It was 11:34 a.m. yesterday when President Bush announced he would be fast-tracking the Free Trade Agreement with Colombia.
Half an hour later, at a forum on the North American Free Trade Agreement, Benedicto Martinez Orozco, the co-president of a Mexican trade union, told a filled hall at the United Steelworkers Building just how bad an idea the free trade agreements are.
In the first two years after Nafta was signed, Mr. Martinez said, thousands of small and midsize Mexican companies found they could not compete with the multinational companies that suddenly flooded the Mexican markets.
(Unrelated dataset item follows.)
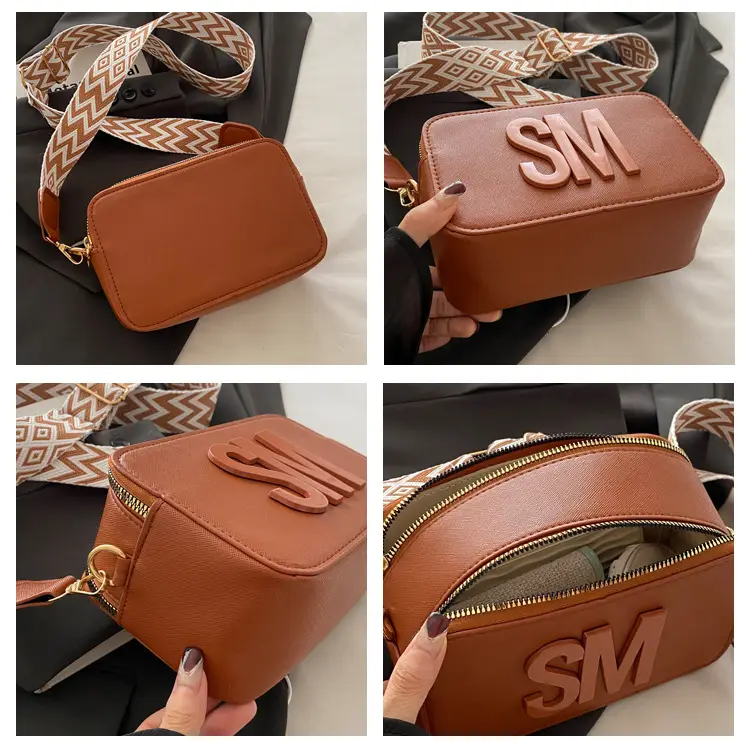 Women Letter Print Shoulder Bag with Zigzag Strap — feature 8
"In the first years thousands of middle-sized businesses closed, and that left thousands more workers without jobs," Mr. Martinez said through an interpreter. "Bigger companies bought up businesses, and we started to see the concentration of industries."
The result, he said, was that there were many people who became very rich, while now 14 years later, about half the population of the country, is either underemployed or unemployed.
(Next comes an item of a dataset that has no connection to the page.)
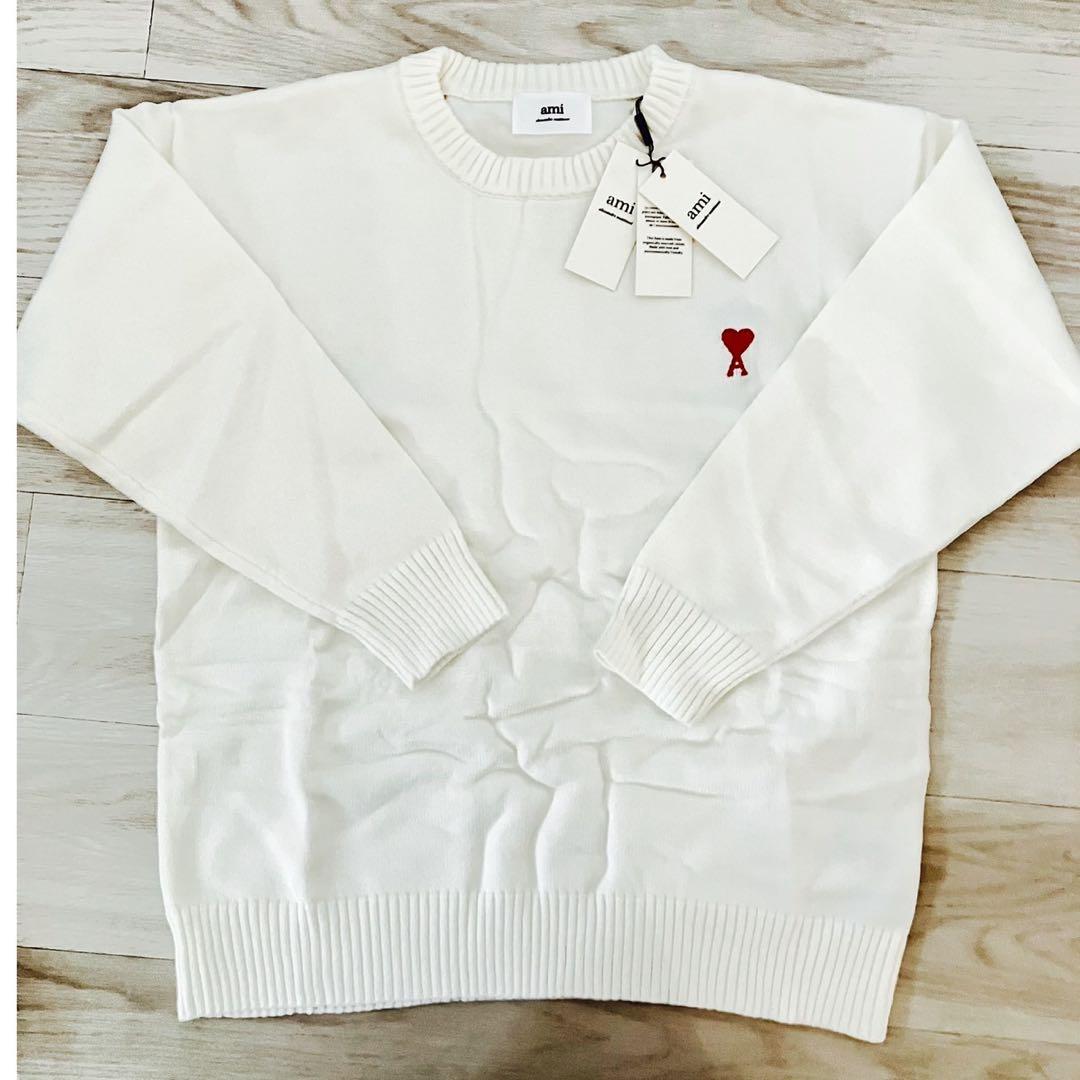 【AmiParis　クルーネックセーター 白 XL】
In just the last six years he said, wages have deteriorated by 60 percent; so while the minimum wage is 51 pesos, or between $4.50 and $5 a day, a kilogram of meat, which is about 2 pounds, costs 70 pesos.
In Mexico, Mr. Martinez said, the climate for workers and their ability to organize has gotten more harsh since Nafta was passed, as large corporations have pressured the government to change its labor laws. Recent regulations have limited collective bargaining and restricted the ability of workers to strike.
The issue of the Colombia Free Trade Agreement has come up in the Democratic presidential primary with Sen. Hillary Clinton having come out against the agreement while her chief strategist, Mark Penn, was meeting with the ambassador from Colombia and promoting the agreement. Mr. Penn apologized for meeting with the Colombian delegation, prompting Colombia to fire his public relations firm, Burson-Marsteller. He also has since stepped down as Sen. Clinton's chief strategist.
While Sen. Clinton has come out against the Colombia Free Trade Agreement, her husband, former President Bill Clinton, was given the "Colombia is Passion" award by Colombia's President Alvaro Uribe in June, for his faith in the country.
Dan Kovalik, the general counsel for the United Steelworkers, traveled to Colombia in February to talk to President Uribe about the history of killings of trade union organizers in the country. Just this year alone, he said, 17 unionists have been killed by members of the paramilitary in the country. Since 1986, 2,500 union leaders in Colombia have been killed.
"Colombia is the most dangerous country in the world for trade unionists," he said. "We cannot reward a country that continues to suffer this anti-union violence."
While Mr. Kovalik was careful to note that the United Steelworkers has not endorsed a candidate in the Democratic primary, he said when Colombia's President Uribe said he was concerned about the effect a Barack Obama administration might have on trade with his country, he did not express the same concern about Sen. Clinton or presumptive Republican nominee Sen. John McCain.